В никуда, стр. 99

Я старался припомнить, что было дальше.

– Один из моих товарищей подобрал автомат вьетнамца. "У косоглазого был полный магазин, – сказал он. – Как, черт возьми, тебе удалось сойтись с ним врукопашную?" Я не ответил. А другой похлопал меня по плечу: "Бреннер, ты должен стрелять в этих мудаков, а не резаться с ними на ножах". Оба рассмеялись. Потом один из них подобрал мачете. "Отсеки голову, а то никто не поверит в это дерьмо". И... я отсек. Товарищ присоединил штык к моей винтовке, нанизал на нее голову и подал винтовку мне...
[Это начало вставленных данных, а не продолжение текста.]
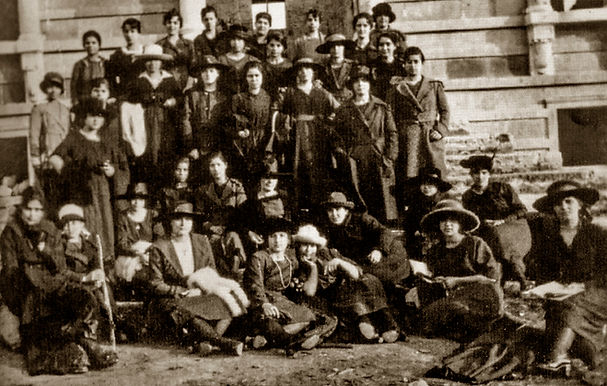 Bergamalı Rumlar'ın kurduğu 'Genç Hanımlar Birliği: Rönesans'. 1920. Fotoğraf: BERKSAV-Belleten/20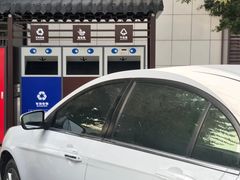-诸城服务区-停车场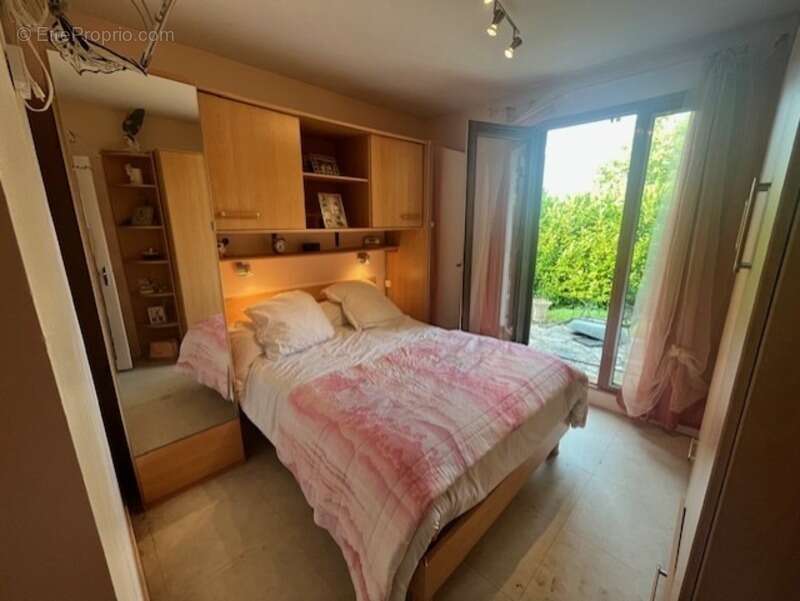 Maison à DECAZEVILLE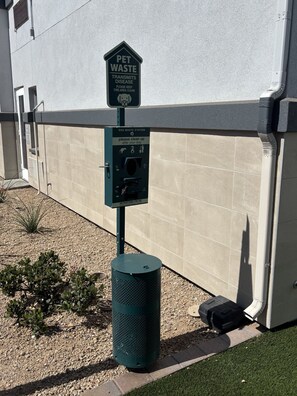 Pet-friendly amenities - Spark by Hilton Tempe Phoenix Airport (Tempe)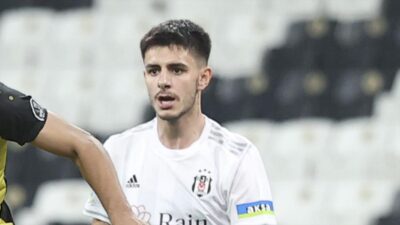 Beşiktaş Kulübü, 21 yaşındaki futbolcu Berkay Vardar ile yollarını ayırdığını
Я посмотрел на Сьюзан и продолжал:

– Мы возвращались в роту и несли на штыке голову. И когда подходили к нашим позициям, товарищ закричал: "Не стреляйте! Бреннер взял пленного!" – и все засмеялись. Все хотели знать, как это произошло. А один солдат срезал бамбуковый ствол и насадил на него голову. Потом я все рассказал капитану и тем двоим, что меня нашли. И был явно не в себе – все смотрел на голову, которую носили на шесте. В тот же вечер меня перебросили на вертолете в базовый лагерь. Вместе с головой. И ротный писарь выдал мне трехдневный пропуск в Нячанг. – Я посмотрел на Сьюзан. – Вот так я очутился в Нячанге на побывке.

Глава 31

Мы со Сьюзан молча спустились к реке и там проверили, нет ли на нас пиявок. На Сьюзан ничего не оказалось, а я нашел на себе древесного кровососа, который уже начал раздуваться.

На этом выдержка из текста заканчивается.